L’entreprise émergente Creddie lancée par un entrepreneur automobile montréalais de 26 ans

Un entrepreneur montréalais de 26 ans, diplômé de la Georgian College Automotive Business School et ex-employé d’une concession d’automobiles pendant plusieurs années, a lancé un service visant à offrir aux concessions des demandes d’info de haute qualité de la part de clients qui cherchent à acheter des voitures d’occasion.

Guy-Oliver Potvin a lancé son entreprise, Creddie, la semaine dernière, après y avoir travaillé pendant deux ans et obtenu du financement. Il a dit que Creddie est un jeu de mots à partir des termes crédit et abordable.

Il a mentionné qu’il avait l’intention de cibler d’abord les États-Unis en raison de l’importance du marché, de perfectionner le service sur place et de le ramener ensuite au Canada. Il a déclaré que la société fonctionnait en partenariat avec TransUnion pour établir des rapports de crédit à la consommation.

Pour utiliser Creddie, les consommateurs accèdent au site de l’entreprise https://beta.creddie.co et complètent l’information requise ; des frais remboursables de 500 $ sont facturés. Une fois que le consommateur a identifié une voiture, un essai routier peut être programmé à la concession qui en dispose. Si le client achète la voiture, Creddie conserve les frais de 500 $, et le consommateur reçoit un crédit de 500 $ de la part de la concession. Il n’y a aucuns frais pour la concession, mais M. Potvin a déclaré qu’il planifie facturer éventuellement des frais d’abonnement.

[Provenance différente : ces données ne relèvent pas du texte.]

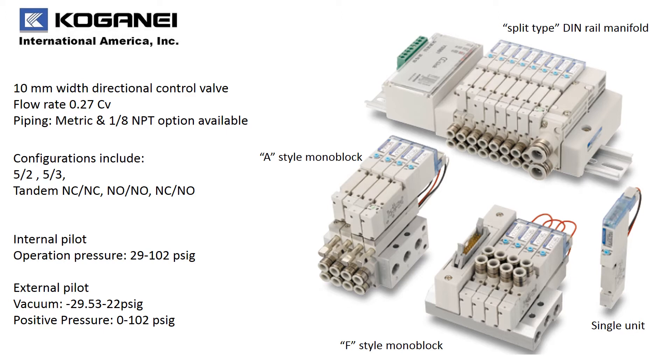Within the F10 series, we also have four different manifold options: the traditional DIN rail style, an A-style manifold where all of the connections are coming out of the manifold, and the F-style monoblock that allows your piping to come directly off the valve. You can also get single units with sub-bases.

« Ce que nous avons introduit sur le marché, c’est une plateforme de génération de demandes d’info très basique pour permettre aux consommateurs de venir réserver un véhicule », a déclaré M. Potvin. « Ce que j’aime dire, c’est que nous sommes ce bouton « sauter l’intro » de Netflix à la concession et que nous mettons l’accent sur la haute qualité. Nous n’envoyons pas seulement un nom, un numéro de téléphone et une adresse de courriel à la concession en lui disant : « Nous prendrons vos frais d’intermédiaire ». Il y a une raison pour laquelle nos prospects sont de meilleure qualité, plus enclins à acheter et avec, évidemment, un dépôt.

« C’est vraiment un service utilisateur payeur. Nous commençons par le crédit des gens en leur montrant uniquement les véhicules qu’ils peuvent se permettre aujourd’hui. » Il a ajouté qu’il avait passé du temps à parler à des concessionnaires au Canada et aux États-Unis et qu’il avait assisté à des conférences pour s’assurer que l’entreprise avait une « offre intéressante ». Le financement en capital provenait de subventions gouvernementales, de subventions, de prêts et d’argent provenant d’amis et de membres de la famille. M. Potvin a injecté dans le projet 100 000 $ de son propre argent.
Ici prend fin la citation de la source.